General procedure: 6.1.15. General procedure IV, for preparation of 14a-f A mixture of aryl bromide (1.0 mmol), 4-methylpiperazin-2-one (for compounds 15-17)/morpholin-3-one (for compounds 18-20) (2.0 mmol), N,N0-dimethylethylene diamine (0.1 mmol), K2CO3 (2.0 mmol) and CuI (0.05 mmol) in anhydrous toluene was heated to reflux with stirring for 6 h. Then the reaction mixture was cooled to room temperature, poured into water, stirred vigorously and extracted thrice with ethyl acetate, dried over anhydrous Na2SO4, concentrated under reduced pressure and purified by flash chromatography to afford compounds 14a-f in 54-68% yields. 6.1.17 4-Methyl-1-(5-vinylpyridin-2-yl)piperazin-2-one (14b) A mixture of 2-bromo-5-vinylpyridine 3b (0.15 g, 0.81 mmol), 4-methylpiperazin-2-one (0.18 g, 1.63 mmol), N,N’-dimethylethylene diamine (0.007 g, 0.08 mmol), K2CO3 (0.22 g, 1.63 mmol) and CuI (0.007 g, 0.04 mmol) in anhydrous toluene was heated to reflux and the reaction was continued as described in general procedure IV to afford 14b (0.11 g) in 62.8% yield. 1H NMR (400 MHz, CDCl3): delta 8.40 (d, J = 2.3 Hz, 1H), 8.12 (dd, J = 8.6, 1.0 Hz, 1H), 7.80 (dd, J = 8.7, 2.4 Hz, 1H), 6.72 (dd, J = 17.7, 11.0 Hz, 1H), 5.81 (dd, J = 17.7, 0.7 Hz, 1H), 5.38 (dd, J = 11.0, 0.8 Hz, 1H), 3.66-3.76 (m, 2H), 3.28 (s, 2H), 2.76-2.82 (m, 2H), 2.41 (s, 3H); LC-MS: 218 (M++1).
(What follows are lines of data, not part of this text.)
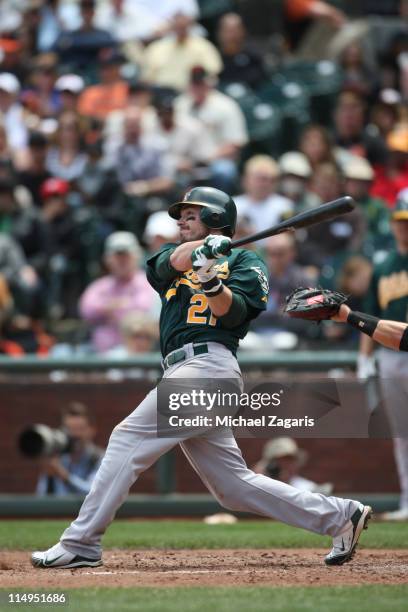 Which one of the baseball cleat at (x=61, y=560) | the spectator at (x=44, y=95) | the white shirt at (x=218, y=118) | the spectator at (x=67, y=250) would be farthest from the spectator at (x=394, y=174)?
the baseball cleat at (x=61, y=560)

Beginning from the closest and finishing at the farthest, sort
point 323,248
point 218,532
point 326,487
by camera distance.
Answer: point 218,532, point 326,487, point 323,248

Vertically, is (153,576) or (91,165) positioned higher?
(91,165)

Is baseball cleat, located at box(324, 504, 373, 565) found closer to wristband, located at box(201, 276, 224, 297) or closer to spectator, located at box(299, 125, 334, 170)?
wristband, located at box(201, 276, 224, 297)

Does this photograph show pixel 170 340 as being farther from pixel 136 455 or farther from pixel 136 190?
pixel 136 190

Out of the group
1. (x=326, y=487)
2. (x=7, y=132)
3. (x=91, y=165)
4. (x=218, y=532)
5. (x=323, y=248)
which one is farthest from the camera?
(x=7, y=132)

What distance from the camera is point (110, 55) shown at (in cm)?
1397

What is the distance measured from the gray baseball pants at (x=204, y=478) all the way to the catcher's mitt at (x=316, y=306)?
0.38 meters

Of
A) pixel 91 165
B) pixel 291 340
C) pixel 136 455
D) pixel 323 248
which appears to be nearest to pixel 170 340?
pixel 136 455

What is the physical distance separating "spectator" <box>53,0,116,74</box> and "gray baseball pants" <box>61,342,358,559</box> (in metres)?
9.50

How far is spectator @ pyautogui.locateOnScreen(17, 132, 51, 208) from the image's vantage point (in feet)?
40.4

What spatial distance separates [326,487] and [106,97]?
6192 millimetres

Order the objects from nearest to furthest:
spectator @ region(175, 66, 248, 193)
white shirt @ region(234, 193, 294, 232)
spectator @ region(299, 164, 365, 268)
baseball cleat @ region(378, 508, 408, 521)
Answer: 1. baseball cleat @ region(378, 508, 408, 521)
2. spectator @ region(299, 164, 365, 268)
3. white shirt @ region(234, 193, 294, 232)
4. spectator @ region(175, 66, 248, 193)

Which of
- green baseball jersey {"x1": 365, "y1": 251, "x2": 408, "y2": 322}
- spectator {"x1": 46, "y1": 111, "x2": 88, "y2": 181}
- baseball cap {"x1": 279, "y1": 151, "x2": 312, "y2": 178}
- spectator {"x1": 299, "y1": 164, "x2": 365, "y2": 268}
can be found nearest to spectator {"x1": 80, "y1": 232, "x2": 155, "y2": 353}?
spectator {"x1": 299, "y1": 164, "x2": 365, "y2": 268}

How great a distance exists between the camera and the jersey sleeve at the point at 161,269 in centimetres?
573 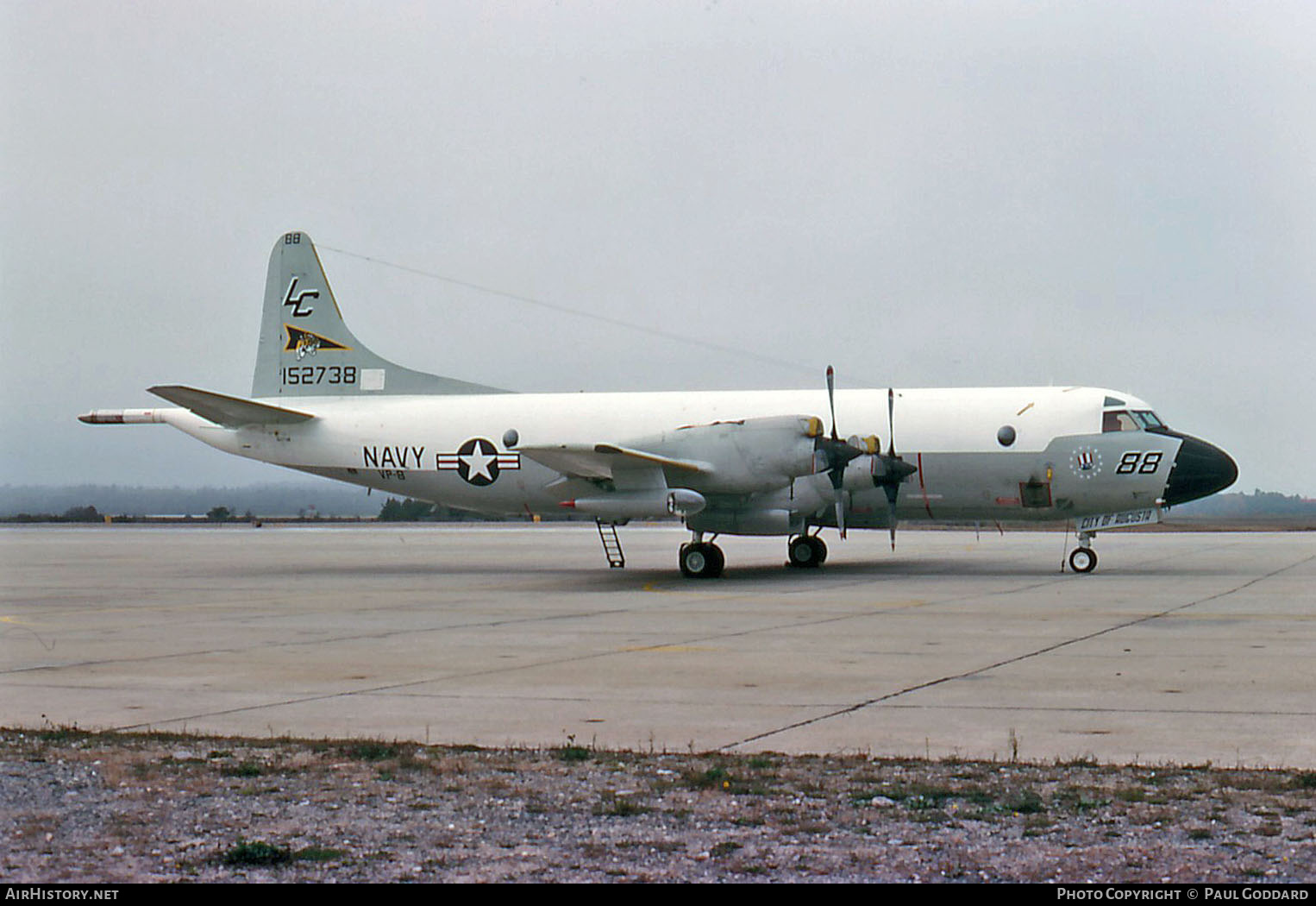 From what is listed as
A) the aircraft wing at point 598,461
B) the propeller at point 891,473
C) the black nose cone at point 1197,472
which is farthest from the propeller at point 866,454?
the black nose cone at point 1197,472

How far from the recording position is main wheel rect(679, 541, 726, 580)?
2847 centimetres

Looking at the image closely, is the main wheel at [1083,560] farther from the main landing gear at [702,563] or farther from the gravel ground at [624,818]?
the gravel ground at [624,818]

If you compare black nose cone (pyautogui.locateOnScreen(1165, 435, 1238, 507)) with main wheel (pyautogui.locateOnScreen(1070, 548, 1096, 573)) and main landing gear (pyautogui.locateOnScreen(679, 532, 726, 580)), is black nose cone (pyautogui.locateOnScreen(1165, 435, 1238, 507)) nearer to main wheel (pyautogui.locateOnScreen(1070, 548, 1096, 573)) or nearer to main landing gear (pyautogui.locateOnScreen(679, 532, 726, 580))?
main wheel (pyautogui.locateOnScreen(1070, 548, 1096, 573))

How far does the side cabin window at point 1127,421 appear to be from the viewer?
29.3m

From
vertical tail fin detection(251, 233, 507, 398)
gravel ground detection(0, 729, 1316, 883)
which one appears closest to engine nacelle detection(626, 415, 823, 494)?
vertical tail fin detection(251, 233, 507, 398)

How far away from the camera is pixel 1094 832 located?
6.86 m

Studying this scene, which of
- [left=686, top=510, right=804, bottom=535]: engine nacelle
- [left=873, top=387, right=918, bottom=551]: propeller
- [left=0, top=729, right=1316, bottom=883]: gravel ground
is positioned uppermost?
[left=873, top=387, right=918, bottom=551]: propeller

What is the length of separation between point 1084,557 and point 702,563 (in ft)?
29.4

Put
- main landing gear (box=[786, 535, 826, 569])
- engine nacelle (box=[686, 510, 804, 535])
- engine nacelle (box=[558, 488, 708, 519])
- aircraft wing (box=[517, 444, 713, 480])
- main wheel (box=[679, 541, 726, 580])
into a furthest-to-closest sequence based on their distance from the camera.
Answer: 1. main landing gear (box=[786, 535, 826, 569])
2. engine nacelle (box=[686, 510, 804, 535])
3. main wheel (box=[679, 541, 726, 580])
4. engine nacelle (box=[558, 488, 708, 519])
5. aircraft wing (box=[517, 444, 713, 480])

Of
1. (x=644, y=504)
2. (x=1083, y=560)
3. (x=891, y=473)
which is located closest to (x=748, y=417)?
(x=891, y=473)

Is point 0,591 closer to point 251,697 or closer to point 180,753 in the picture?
point 251,697

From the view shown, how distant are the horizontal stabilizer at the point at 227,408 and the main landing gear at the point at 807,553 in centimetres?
1297

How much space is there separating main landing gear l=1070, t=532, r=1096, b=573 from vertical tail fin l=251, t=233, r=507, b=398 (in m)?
17.6

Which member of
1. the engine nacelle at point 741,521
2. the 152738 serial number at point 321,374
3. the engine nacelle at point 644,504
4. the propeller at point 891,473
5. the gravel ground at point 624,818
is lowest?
the gravel ground at point 624,818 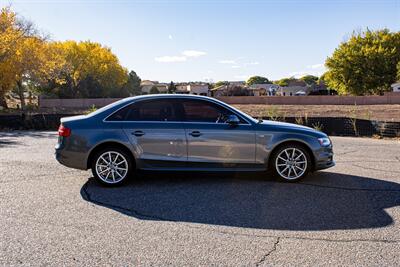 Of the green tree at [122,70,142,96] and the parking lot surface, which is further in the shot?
the green tree at [122,70,142,96]

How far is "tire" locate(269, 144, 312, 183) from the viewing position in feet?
21.7

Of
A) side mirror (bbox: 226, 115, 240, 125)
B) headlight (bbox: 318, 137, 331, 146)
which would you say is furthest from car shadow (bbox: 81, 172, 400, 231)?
side mirror (bbox: 226, 115, 240, 125)

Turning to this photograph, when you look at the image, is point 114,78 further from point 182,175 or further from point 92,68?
point 182,175

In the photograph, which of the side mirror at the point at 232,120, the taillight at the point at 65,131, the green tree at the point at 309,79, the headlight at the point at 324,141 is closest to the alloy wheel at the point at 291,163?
the headlight at the point at 324,141

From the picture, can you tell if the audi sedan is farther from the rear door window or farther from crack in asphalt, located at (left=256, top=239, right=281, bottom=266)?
crack in asphalt, located at (left=256, top=239, right=281, bottom=266)

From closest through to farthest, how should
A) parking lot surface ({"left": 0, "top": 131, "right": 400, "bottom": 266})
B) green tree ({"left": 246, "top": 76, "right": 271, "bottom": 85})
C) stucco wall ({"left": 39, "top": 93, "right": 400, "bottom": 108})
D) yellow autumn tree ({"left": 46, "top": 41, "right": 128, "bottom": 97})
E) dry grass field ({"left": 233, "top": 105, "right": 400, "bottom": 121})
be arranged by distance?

34770-60-0, The synthetic route of 34770-60-0 has been constantly updated, and we look forward to future research findings.

Reference：
Article; Rakesh; Bruhn, David; Maddox, Marcus; Lee, Robin B.; Yang, Lei; Lee, Richard E.; Madhura, Dora B.; Trivedi, Ashit; Meibohm, Bernd; Scherman, Michael S.; Gilliland, Janet C.; Gruppo, Veronica; McNeil, Michael R.; Lenaerts, Anne J.; Bioorganic and medicinal chemistry; vol. 20; 20; (2012); p. 6063 – 6072,10;,
Piperazine – Wikipedia
Piperazines – an overview | ScienceDirect Topics

With the rapid development and complex challenges of chemical substances, new drug synthesis pathways are usually the most effective.34770-60-0,4-Methylpiperazin-2-one,as a common compound, the synthetic route is as follows.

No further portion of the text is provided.